The Master of Science program in Food Safety and Quality Engineering, offered within the Faculty of Agricultural and Food Sciences and Environmental Management, is tailored to enhance and apply undergraduate knowledge in the field. This program covers a diverse range of topics within food science, with a strong emphasis on raw material qualification, processing technology, quality analysis, and quality assurance.
The curriculum spans four semesters, accumulating a total of 120 ECTS credits. Instruction is balanced between theoretical and practical components, with lectures and seminars accounting for 49% of the program, and hands-on practice contributing 51%.
Coursework includes Theory of Measurement and Experimental Designs, Expectations of Foodstuffs, Consumer Protection, Separation Technique, Quality and Safety in Food Technologies (HACCP in practice), Food Marketing, Basics of Food Microbiology, Management and Communication, Spectroscopic Methods, Nutritional Sciences, Essential Molecular Cell Biology, Microbiological Aspects of Food Quality and Safety, Quality Control, and Quality Management.
In the second year of the program, subjects cover Regulation of Food Production, Quality and Safety, Food Toxicology, Hyphenated Analytical Methods, Quality Management Systems and Audit in the Food Chain, Traceability in the Food Chain, Food Industry Management and Economics, Radiology in the Food Industry, Analytical and Microbiological Rapid Methods, Food Quality and Safety Risk Analysis, Rheology in Food Testing, culminating in a thesis.

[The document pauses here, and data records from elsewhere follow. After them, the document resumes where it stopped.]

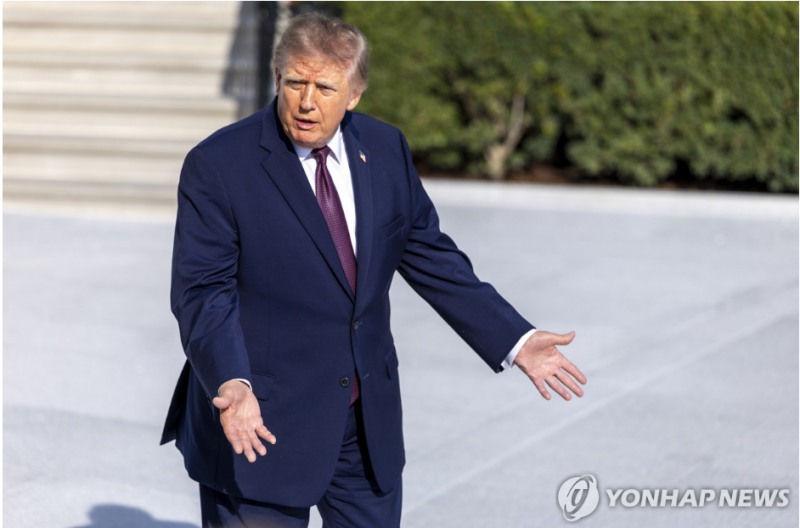 트럼프 대통령은 2일(현지시간) 한국이 알래스카LNG 사업을 하지 않으면 두 배로 청구할 것이라고 말했다. 사진=EPA, 연합뉴스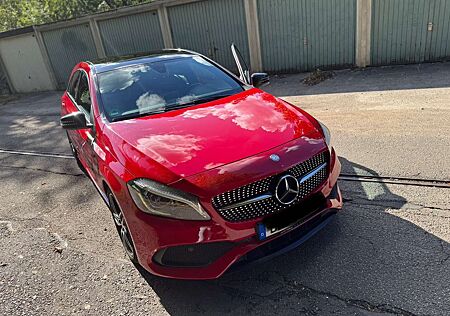 Mercedes-Benz A 220 4Matic 7G-DCT AMG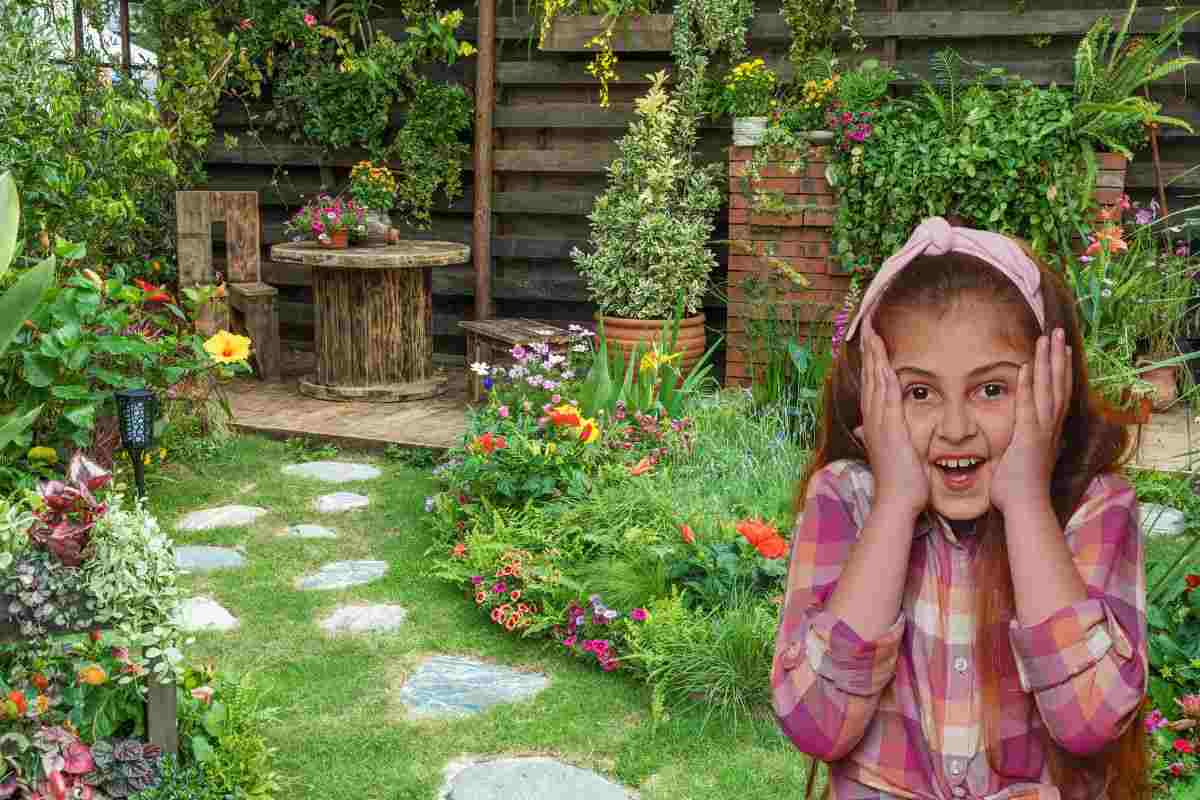 bambino di 8 anni che fa una scoperta nel suo giardino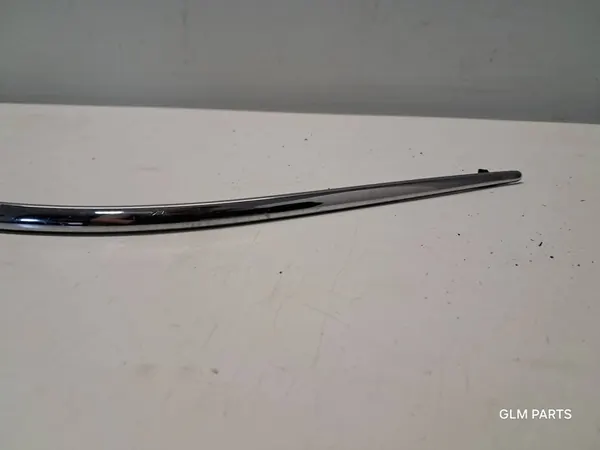 Mercedes CLK W209 Moldura Esquerda do Para-choque Dianteiro A2098850321 image 2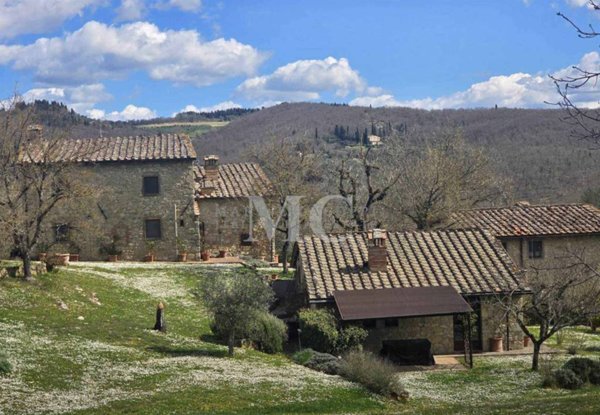 negozio in vendita a Castellina in Chianti in zona Piazza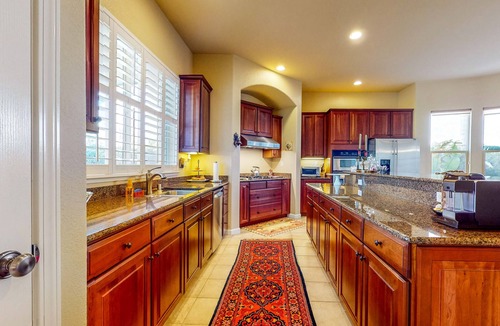 Roseville House | Sprawling Home - Great Location, Large Yard & Pool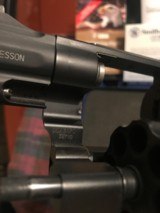 Smith and Wesson 327 Night Guard (snub, box, papers) - 5 of 6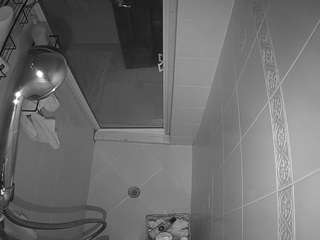该模特正在直播。 voyeurcam-baileybase-shower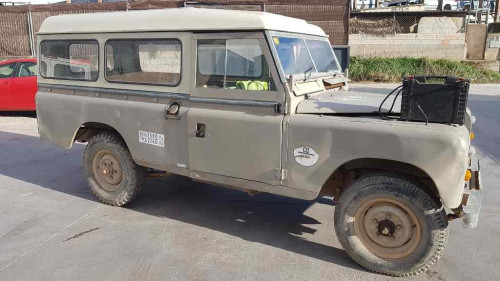  LAND ROVER 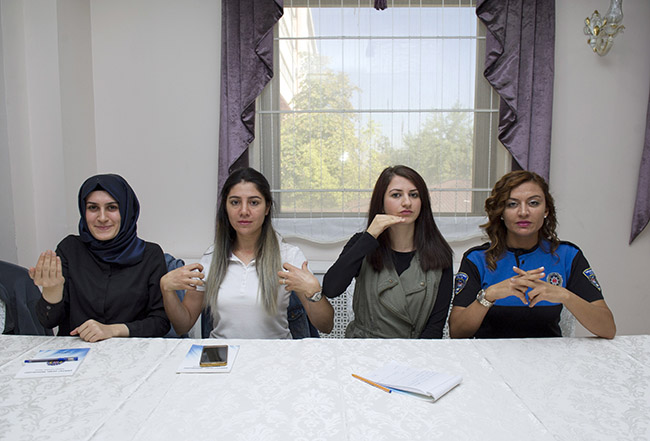 emniyet-personeline-isaret-dili-egitimi-basladi-(4).jpg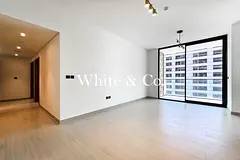 HIGH FLOOR | PRIVATE POOL | VACANT NOW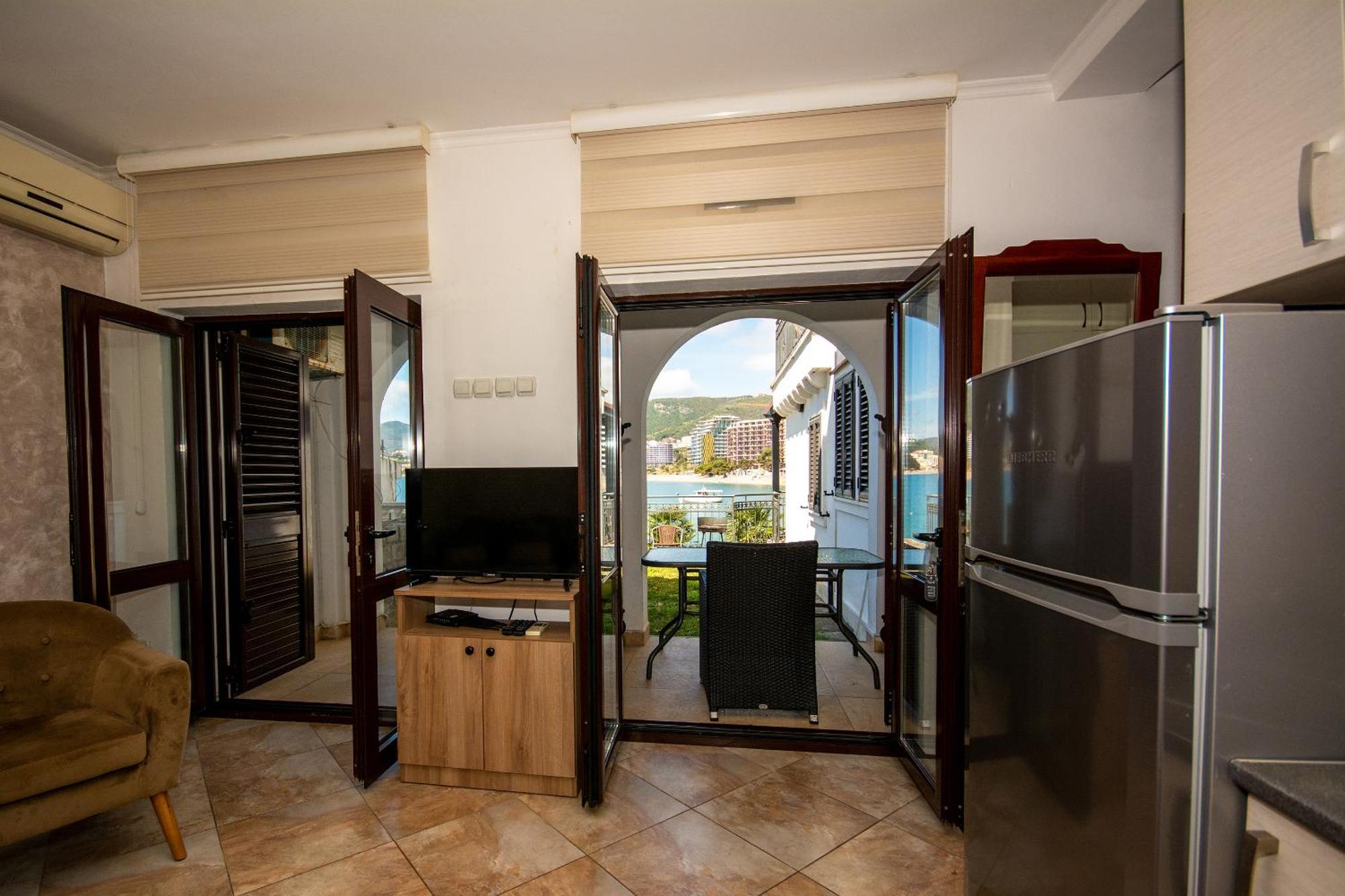 Sea Pearl Apartments Rafailovici Kültér fotó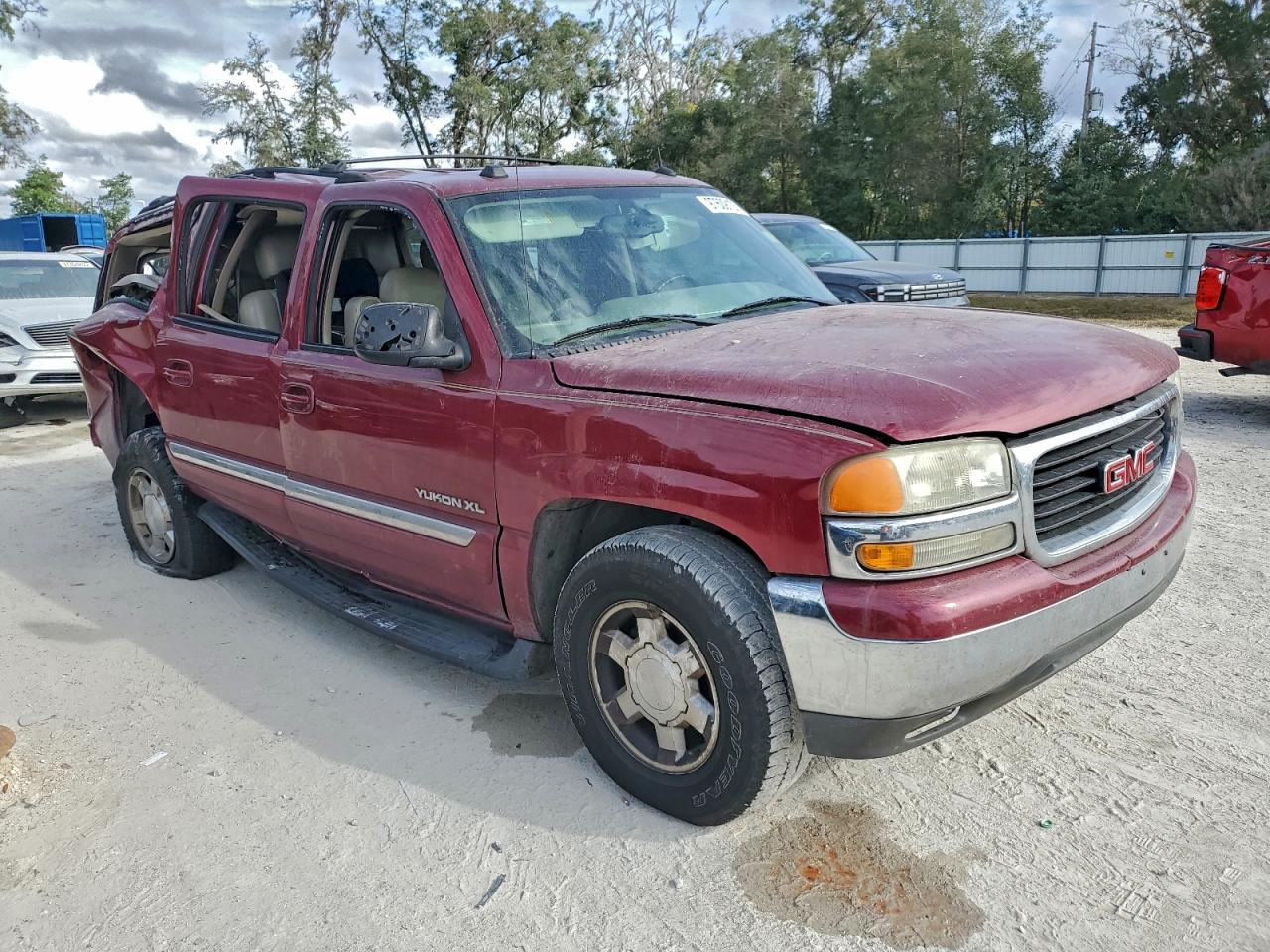 2004 GMC YUKON XL C1500 photo 7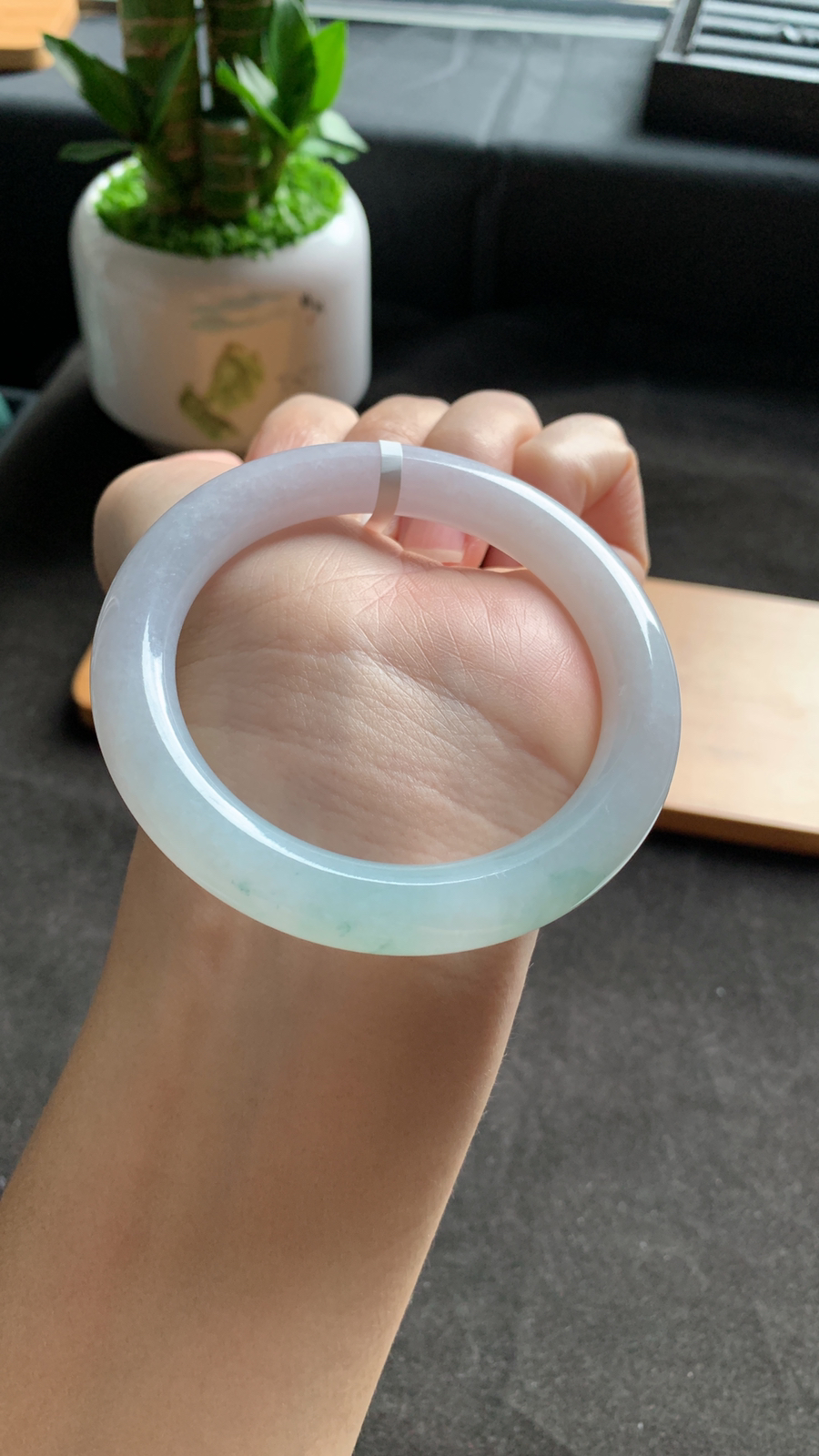 56圈口 天然A货翡翠飘花圆条手镯 料子细腻 花色好看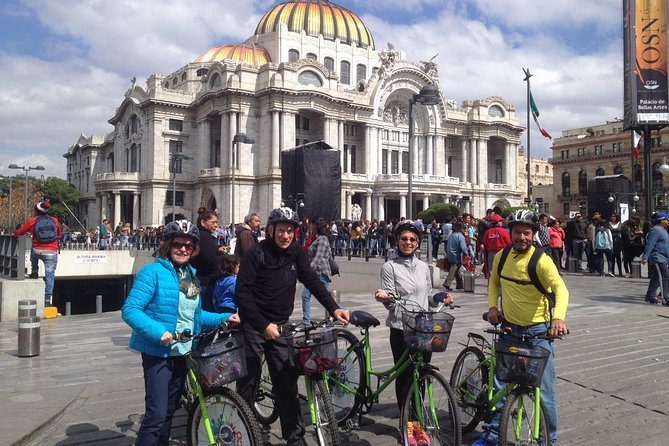 Cultural Ride: Historic Center and Highlights of Mexico City - Exploring Diego Rivera Mural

Admission to the program requires a Bachelor’s degree in food engineering, chemical engineering, biological science, or agronomy. Proficiency in English, demonstrated through standardized tests like TOEFL (547) or IELTS (6.0), is also mandatory. Additionally, candidates must pay an application fee of 150 USD and an entrance procedure fee of 350 USD.
A key component of the program is a 4-week field practice, providing students with hands-on experience in real-world settings. This practical exposure complements the theoretical knowledge, enhancing students’ proficiency and readiness for the workforce.
Upon completion of the program, graduates are equipped to address critical issues related to food safety and quality in various professional roles. They play a pivotal role in ensuring the safety and quality of food products, contributing to public health and consumer well-being.